Decision Trees

Kacper Sokol

Model Overview

Model Synopsis

A decision tree predicts the target by applying logical conditions to the input features, until a terminal node, i.e., a leaf, is reached. The (sequential) structure makes the model transparent. A prediction is estimated as the average value (regression) or majority class (crisp classification) of the training instances based on which this leaf was built.

Model Synopsis

The learning algorithm chooses a feature based on its ability to decrease the impurity of the data (subsets) after a split is made.

Model Synopsis

Decision trees can be interpreted though: model visualisation / textualisation, feature importance, exemplars, what-ifs, rules, and counterfactuals.

Toy Example

Decision tree for 2 features -- tree visualisation

Toy Example

Decision tree for 2 features -- feature space partition

Explanation Properties

Property	Classification and Regression Trees (CART)
relation	ante-hoc
compatibility	classification and regression trees (CART)
modelling	regression and crisp & probabilistic classification
scope	global, cohort and local
target	model, sub-space and prediction

Explanation Properties

Property	Classification and Regression Trees (CART)
data	tabular
features	numerical and categorical
explanation	model visualisation, feature influence & importance, rules, exemplars,what-ifs, counterfactuals
caveats	axis-parallel splits, target linearity

Examples

Model Visualisation

Text Representation

|--- petal length (cm) <= 2.45
|   |--- class: 0
|--- petal length (cm) >  2.45
|   |--- petal width (cm) <= 1.75
|   |   |--- petal length (cm) <= 4.95
|   |   |   |--- class: 1
|   |   |--- petal length (cm) >  4.95
|   |   |   |--- class: 2
|   |--- petal width (cm) >  1.75
|   |   |--- class: 2

Code Representation

def tree(sepal_length, sepal_width, petal_length, petal_width):
  if petal_length <= 2.449999988079071:
    return setosa
  else:  # if petal_length > 2.449999988079071
    if petal_width <= 1.75:
      if petal_length <= 4.950000047683716:
        return versicolor
      else:  # if petal_length > 4.950000047683716
        return virginica
    else:  # if petal_width > 1.75
      return virginica

Feature Importance

Node \(n\) importance \(i(n)\) (based on weighted impurity \(C\))

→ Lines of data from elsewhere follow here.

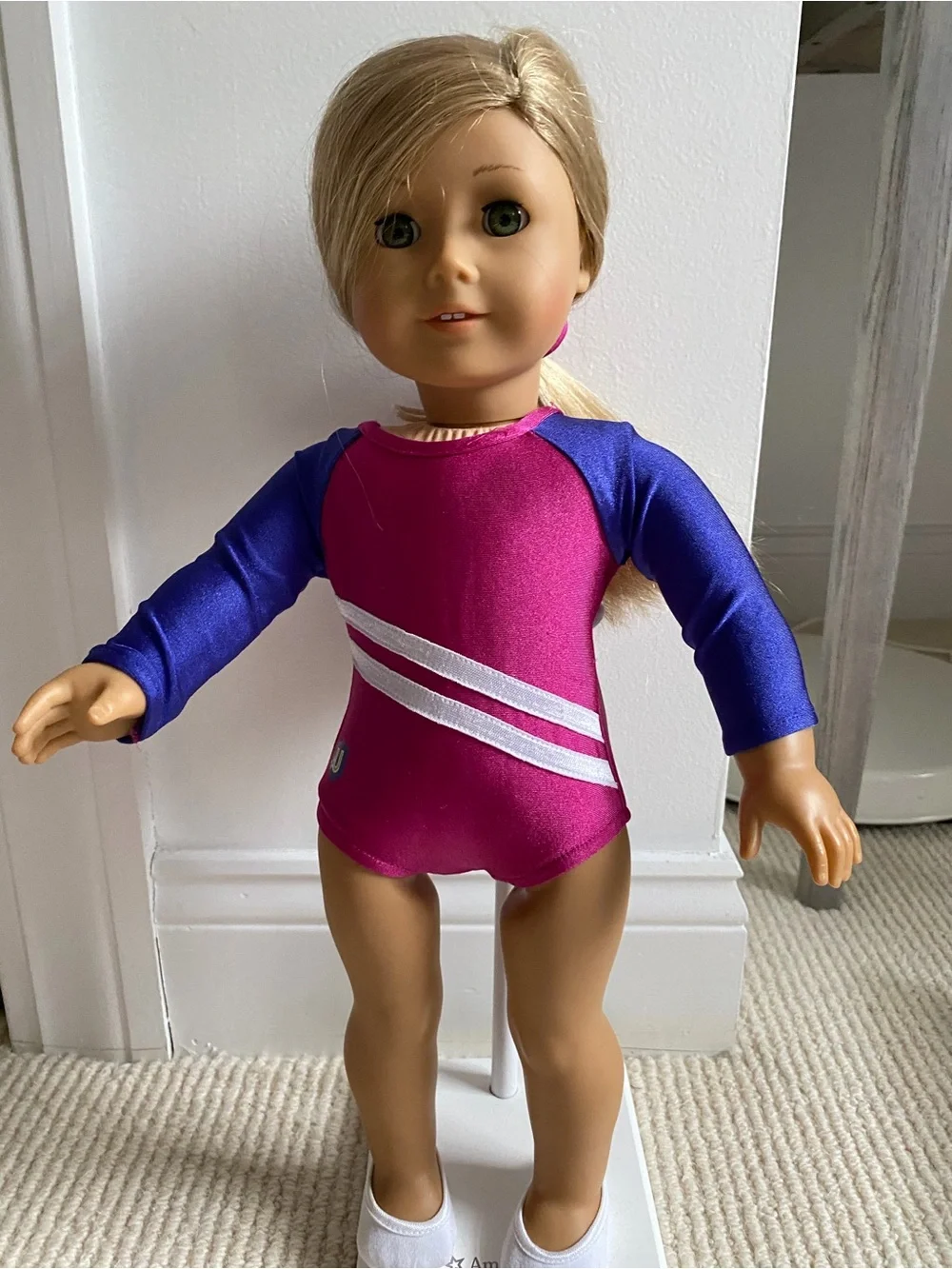 American Girl Isabelle doll with three outfits, ballet bar and two stands.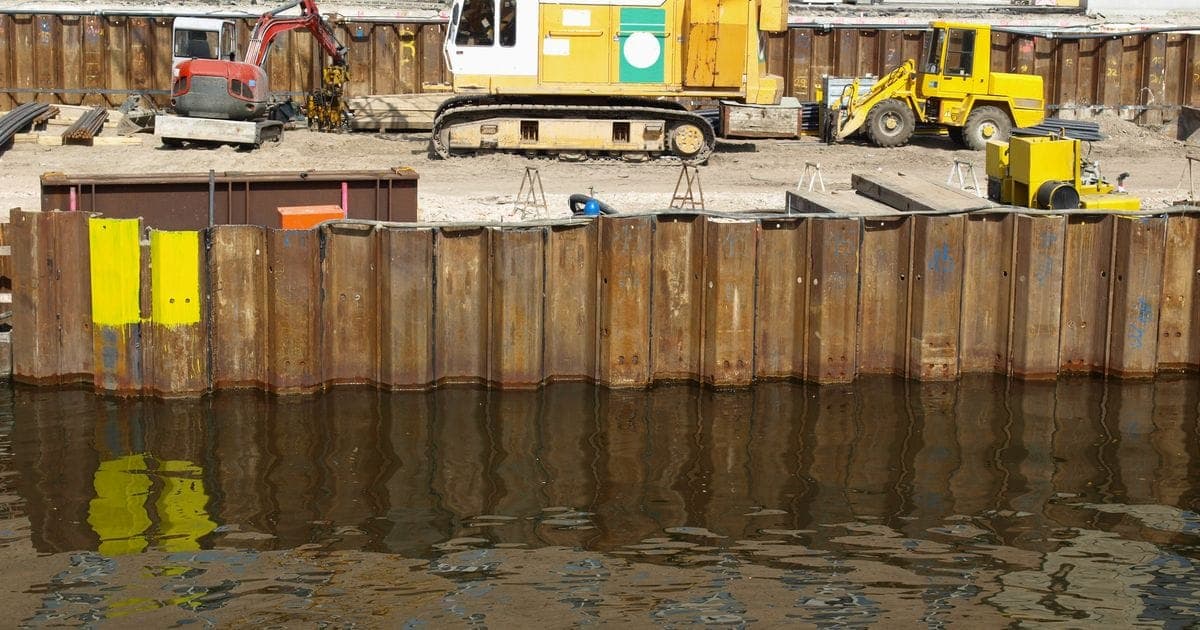Interlocking steel piles driven along the water's edge form a new river wall, with diggers on the site behind.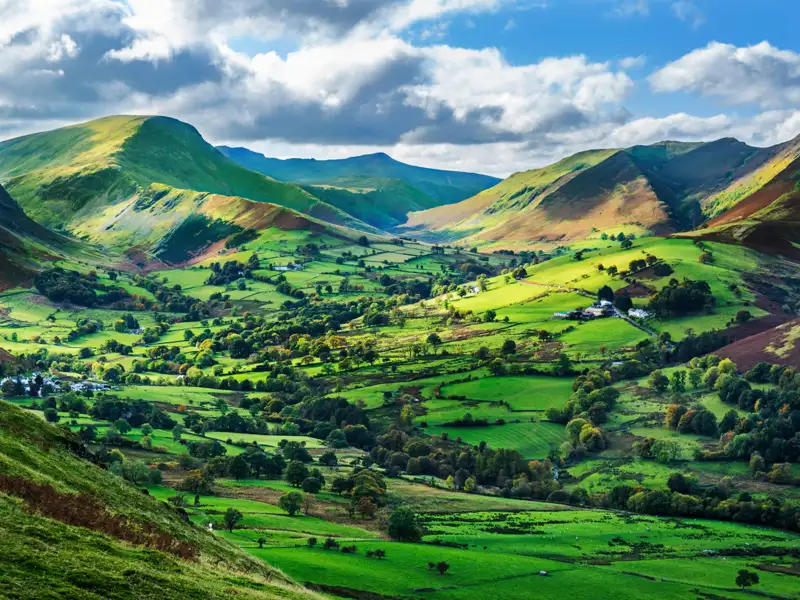 Landschaftsbild eines grünen Tals, umgeben von Bergen.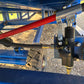Close up view showing hydraulic valve control system with red handle and hose connection under blue mobile loading ramp for forklift use in Canada

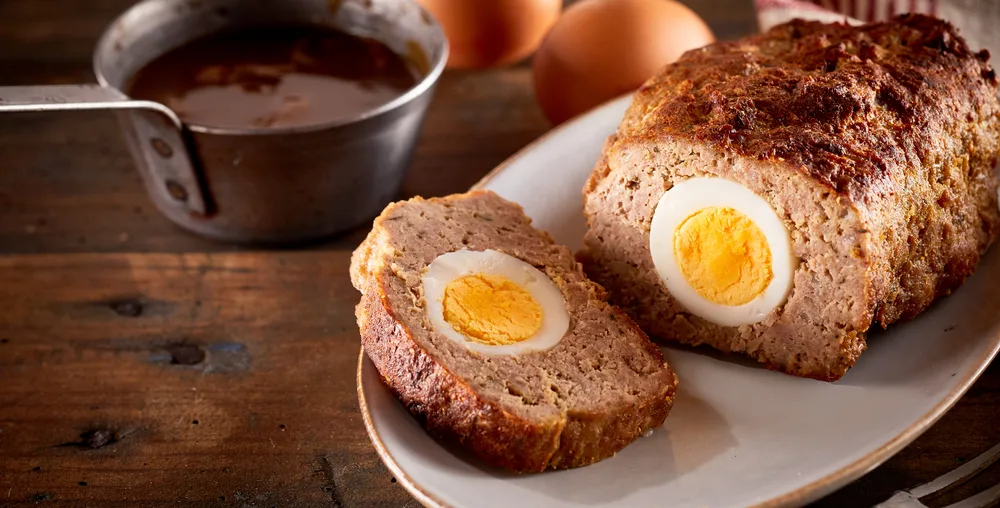 Meatloaf,baked,with,egg,inside,sliced,on,white,dish,on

\[ i(n) = \frac{|X_n|}{|X|} C(n) - \frac{|X_{\mathit{left}(n)}|}{|X|} C(\mathit{left}(n)) - \frac{|X_{\mathit{right}(n)}|}{|X|} C(\mathit{right}(n)) \]
Feature \(f\) importance \(I(f)\)

\[ I(f) = \frac{\sum_{n_f} i(n_f)}{\sum_n i(n)} \]

Feature Importance

Crisp classification – Gini impurity \(C^{\mathit{G}}\)

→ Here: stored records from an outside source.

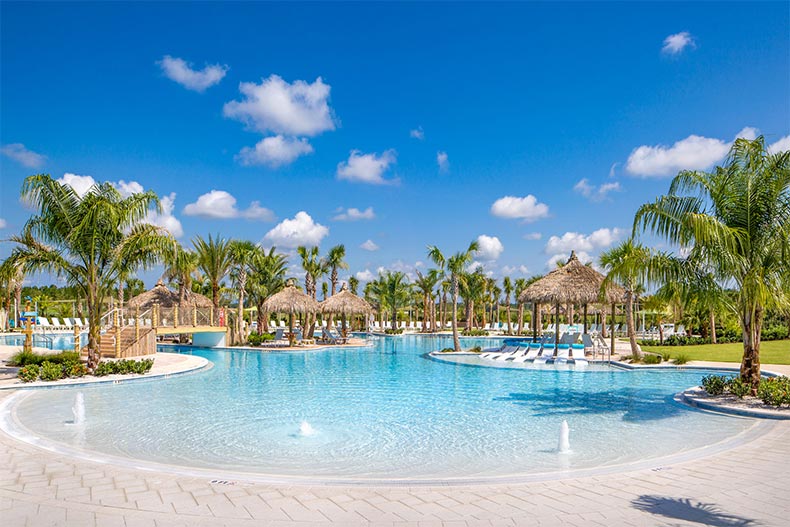 Palm trees and cabanas surrounding the resort-style pool at Latitude Margaritaville in Daytona Beach, Florida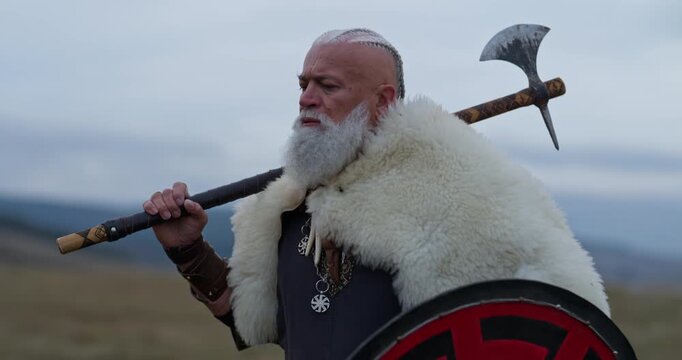 Viking warrior with axe standing on mountain cliff, wearing fur cloak and leather armor, overlooking dramatic landscape. Historical Nordic fighter, strength and adventure concept. Slow motion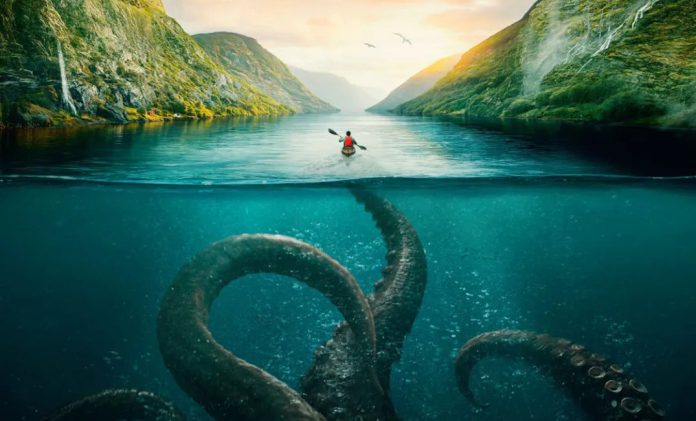 Kayaker paddling on a river between green mountains, with giant tentacles visible beneath the turquoise water.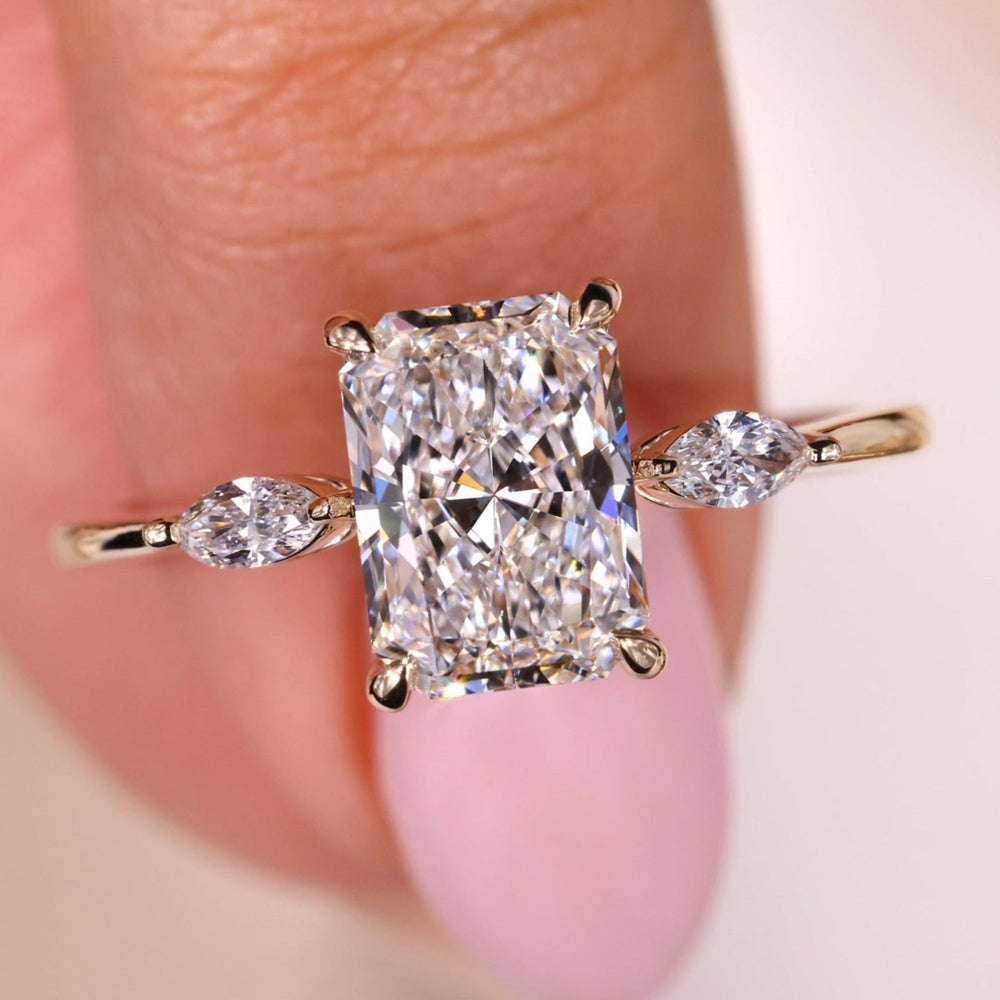 Elegant Three Stone Engagement Ring with radiant brilliance and charm.
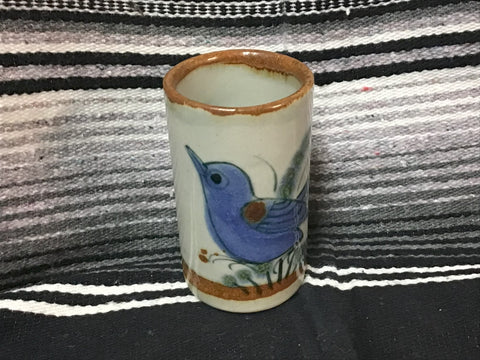 Cylindrical ceramic vase with a blue bird design on a striped fabric background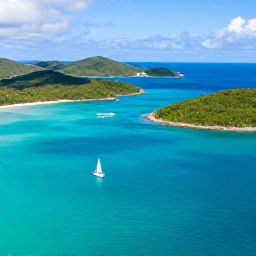 Caribbean Holidays, June BVI Holidays, Aerial view of the British Virgin Islands with turquoise sea, green islands and a sailing boat in June sunshine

\[ C^{\mathit{G}}(n) = 1 - \sum_{c \in C}p_{n}^2(c)\\ p_{n}(c) = \frac{1}{|X_n|} \sum_{(x, y) \in (X_n, Y_n)} \mathbb{1}_{y = c} \]

Feature Importance

Regression or probabilistic classification – mean squared error \(C^{\mathit{MSE}}\)

\[ C^{\mathit{MSE}}(n) = \frac{1}{|X_n|} \sum_{(x, y) \in (X_n, Y_n)} (y - \bar{y}_{n})^2 \\ \bar{y}_{n} = \frac{1}{|X_n|} \sum_{(x, y) \in (X_n, Y_n)} y \]

Feature Importance

Exemplar Explanation

	sepal length (cm)	sepal width (cm)	petal length (cm)	petal width (cm)	tree leaf
42	4.4	3.2	1.3	0.2	1

	sepal length (cm)	sepal width (cm)	petal length (cm)	petal width (cm)	tree leaf
45	4.8	3.0	1.4	0.3	1
46	5.1	3.8	1.6	0.2	1
47	4.6	3.2	1.4	0.2	1
48	5.3	3.7	1.5	0.2	1
49	5.0	3.3	1.4	0.2	1

What-if Explanation

	sepal length (cm)	sepal width (cm)	petal length (cm)	petal width (cm)	tree leaf
42	4.4	3.2	1.3	0.2	1

Predicted as setosa

	sepal length (cm)	sepal width (cm)	petal length (cm)	petal width (cm)	tree leaf
0	4.4	3.2	2.7	0.2	5

Predicted as versicolor

Rule Explanation

if (petal length (cm) <= 2.45)
    then class: setosa 


if (petal length (cm) > 2.45)
  and (petal width (cm) <= 1.75)
  and (petal length (cm) <= 4.95)
    then class: versicolor

if (petal length (cm) > 2.45)
  and (petal width (cm) > 1.75)
    then class: virginica 


if (petal length (cm) > 2.45)
  and (petal width (cm) <= 1.75)
  and (petal length (cm) > 4.95)
    then class: virginica

Counterfactual Explanation

If petal length (cm) changes from 1.3 to 2.7, the prediction will change from setosa to versicolor.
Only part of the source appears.